The Dead House by Dawn Kurtagich
Author: Dawn Kurtagich
Published: September 15, 2015
Reviewed By: Kim
Kim’s Rating: 5 stars
Three students: dead.
Carly Johnson: vanished without a trace.
Two decades have passed since an inferno swept through Elmbridge High, claiming the lives of three teenagers and causing one student, Carly Johnson, to disappear. The main suspect: Kaitlyn, “the girl of nowhere.”
Kaitlyn’s diary, discovered in the ruins of Elmbridge High, reveals the thoughts of a disturbed mind. Its charred pages tell a sinister version of events that took place that tragic night, and the girl of nowhere is caught in the center of it all. But many claim Kaitlyn doesn’t exist, and in a way, she doesn’t – because she is the alter ego of Carly Johnson.
Carly gets the day. Kaitlyn has the night. It’s during the night that a mystery surrounding the Dead House unravels and a dark, twisted magic ruins the lives of each student that dares touch it.

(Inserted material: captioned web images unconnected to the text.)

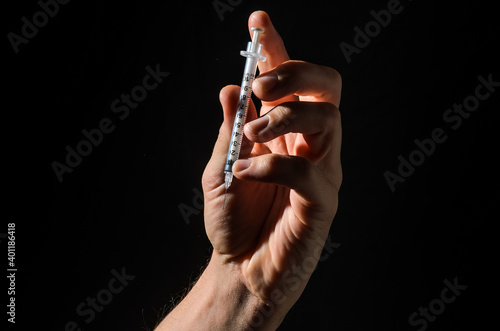 Hand with injection syringe on black background 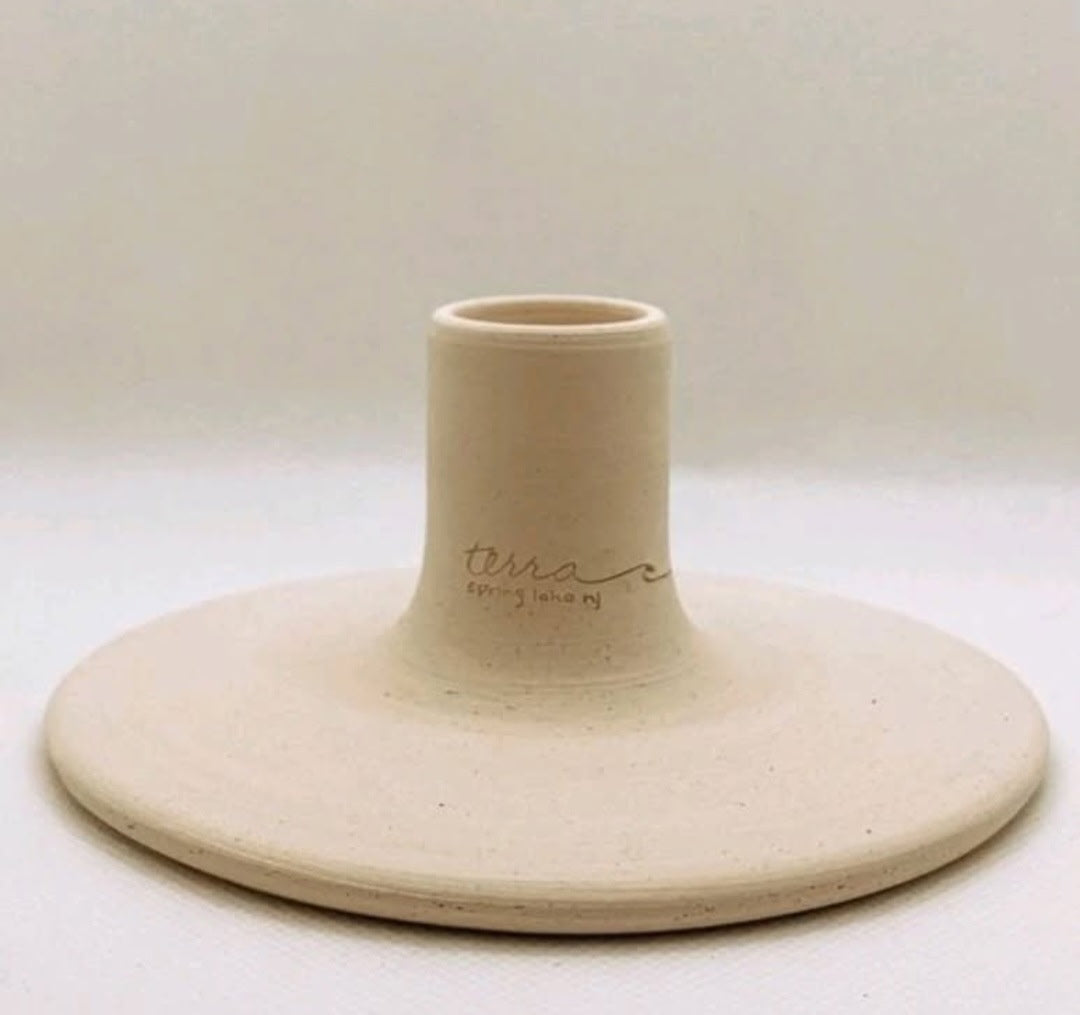 Ceramic flower pot stand with 'Terra' branding on a white background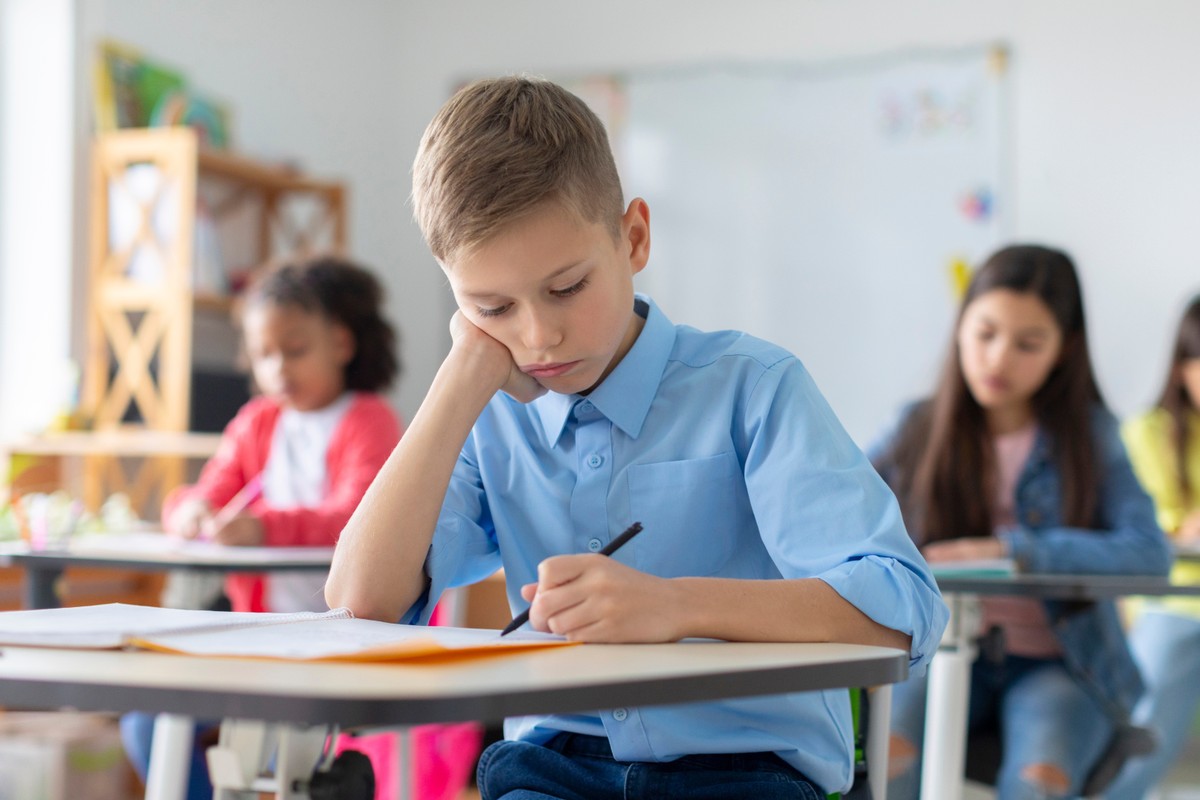 Sad,Schoolboy,Sitting,At,Desk,,Looking,Down,,Leaning,Head,On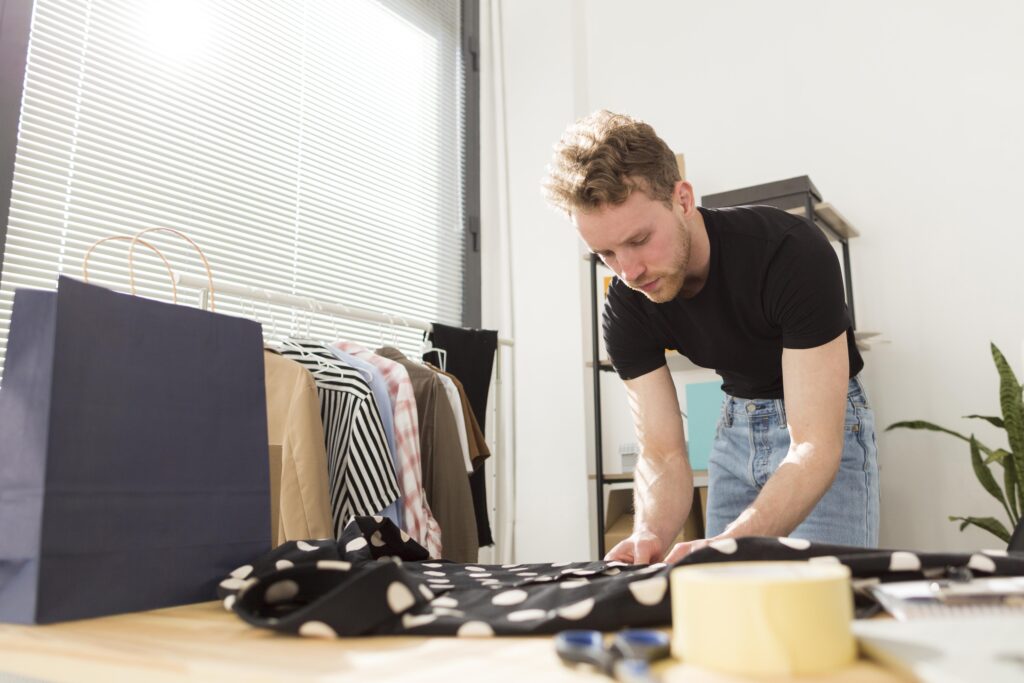A person stands at a table, focused on folding a black polka-dot garment, with shopping bags and plants in a bright room.
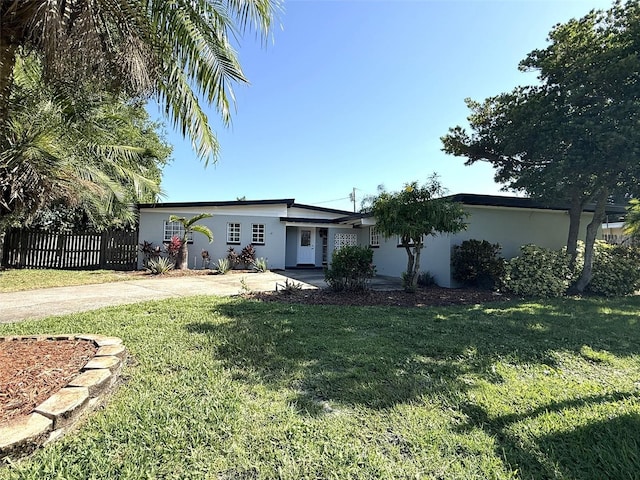 6615 Beamer Way, Orlando, FL 32807 - single story home with concrete driveway and stucco siding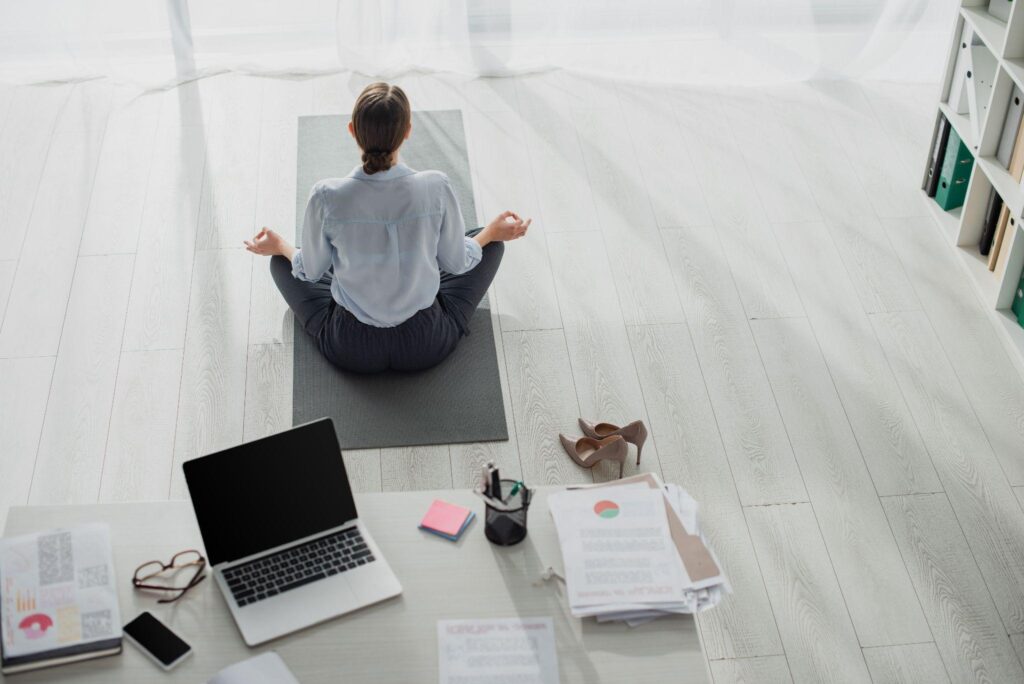 woman meditating in front of a desk with laptop, glasses, papers, phone, post-it notes, pencil cup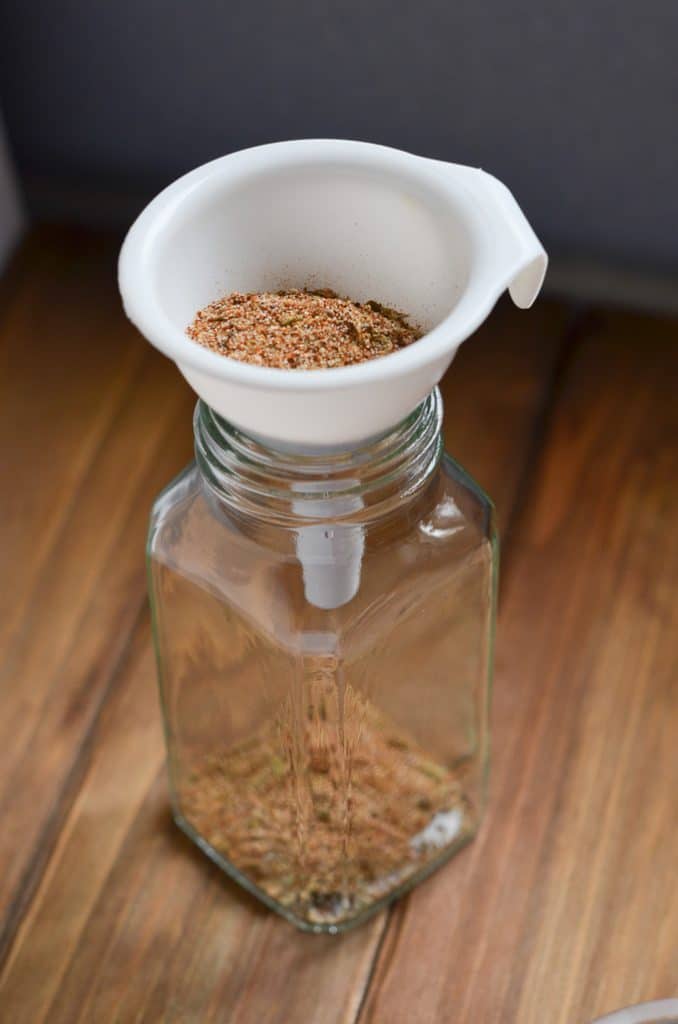 whole30 taco seasoning in a spice jar with funnel.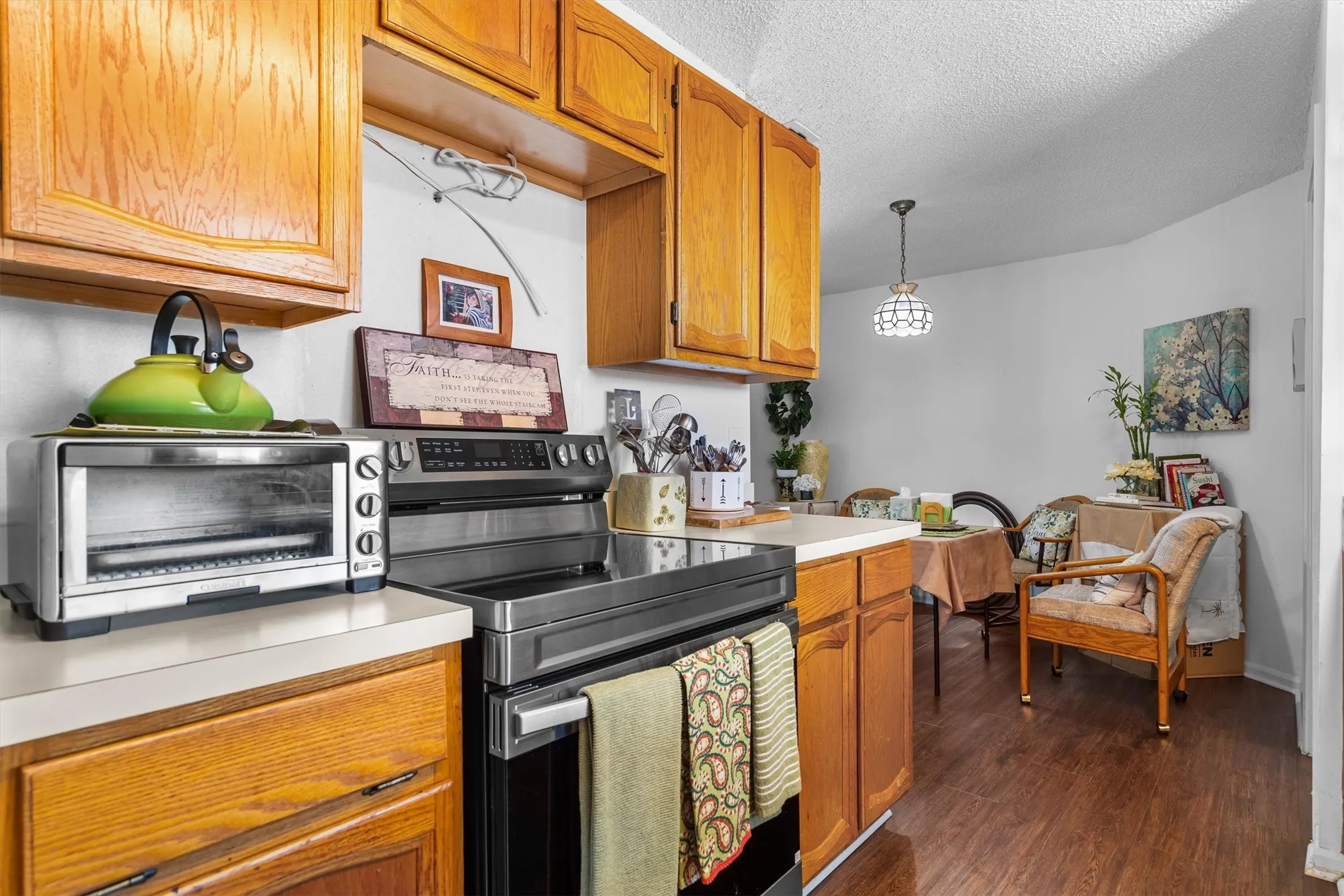 Wood-finish flooring, wood cabinetry, light-colored countertops, and a built-in range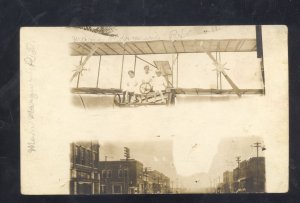 RPPC WOMEN IN BIPLANE OVER DOWNTOWN STREET SCENE REAL PHOTO POSTCARD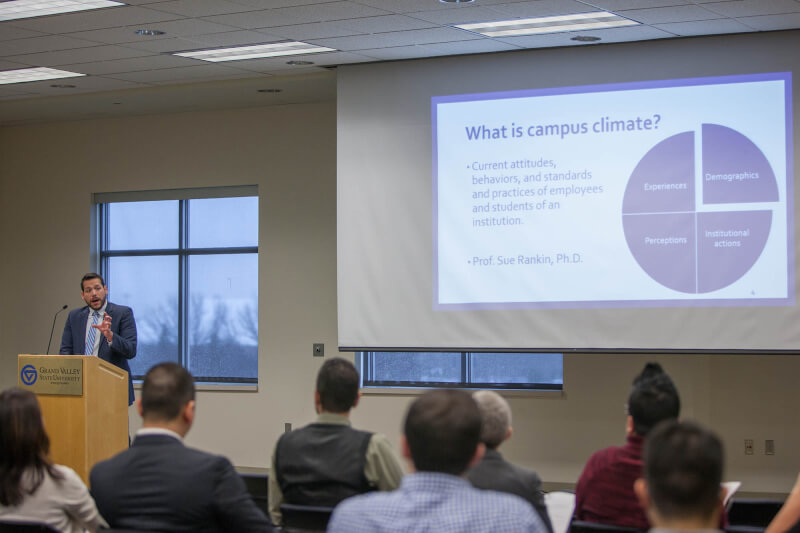 man behind podium in front of audience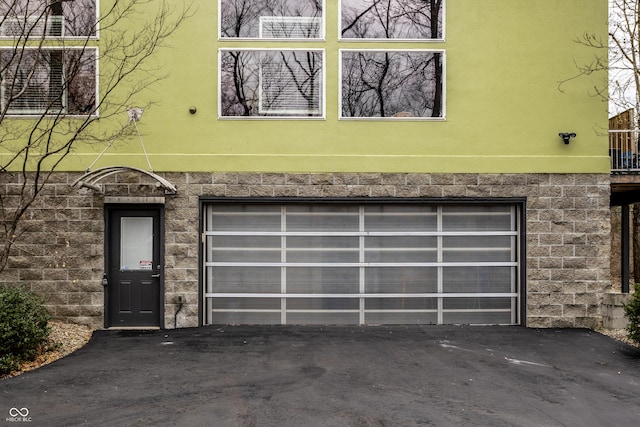 garage with aphalt driveway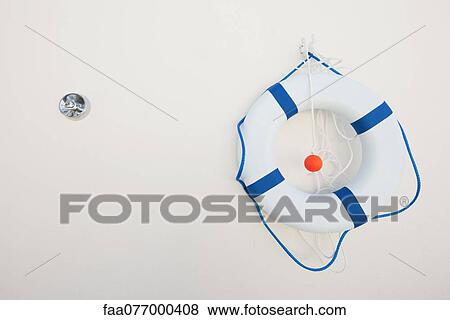Stock Photo - Life preserver hanging on wall. Fotosearch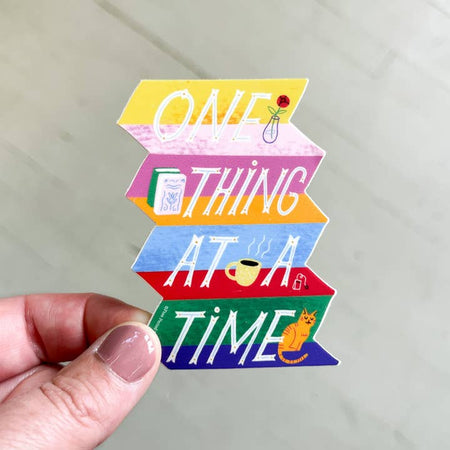 Sticker in the image of a set of stairs that are each a different color with an orange cat, cut of tea, and books. White text saying, “One Thing At A Time”.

Debut author Dawn Kurtagich masterfully weaves together a thrilling and terrifying story using psychiatric reports, witness testimonials, video footage, and the discovered diary – and as the mystery grows, the horrifying truth about what happened that night unfolds.
This book is another result of my scary book phase. The cover drew me in and I just had to read it. I read it the first time three years ago, and since then, I had forgotten all the details. Plus, I’m a huge Dawn Kurtagich fan after reading The Trees Crept In. For some reason I didn’t make that connection until just recently. I decided to pick it up again so I could write a review . . . totally forgot about the formatting and I LOVE it!!!! I love the journal formatting combined with the “video clips” and audio interviews. It made the whole story more real. The tension created by all the mystery and psychological anomalies kept me guessing the whole way thru! Getting into Carly/Kaitlin’s head was terrifying and fascinating all at the same time.
The Mala and Grundi elements made me want to do some research to learn more about them. And there was very little teenage drama. Any “drama” was low key and realistic enough to keep it from getting annoying and ruining the story. And the ending was vague enough to leave you thinking and considering everything that I read, but satisfying enough to keep me from throwing the book across the room. I’d absolutely recommend this book to older teens and anyone looking for a psychological read.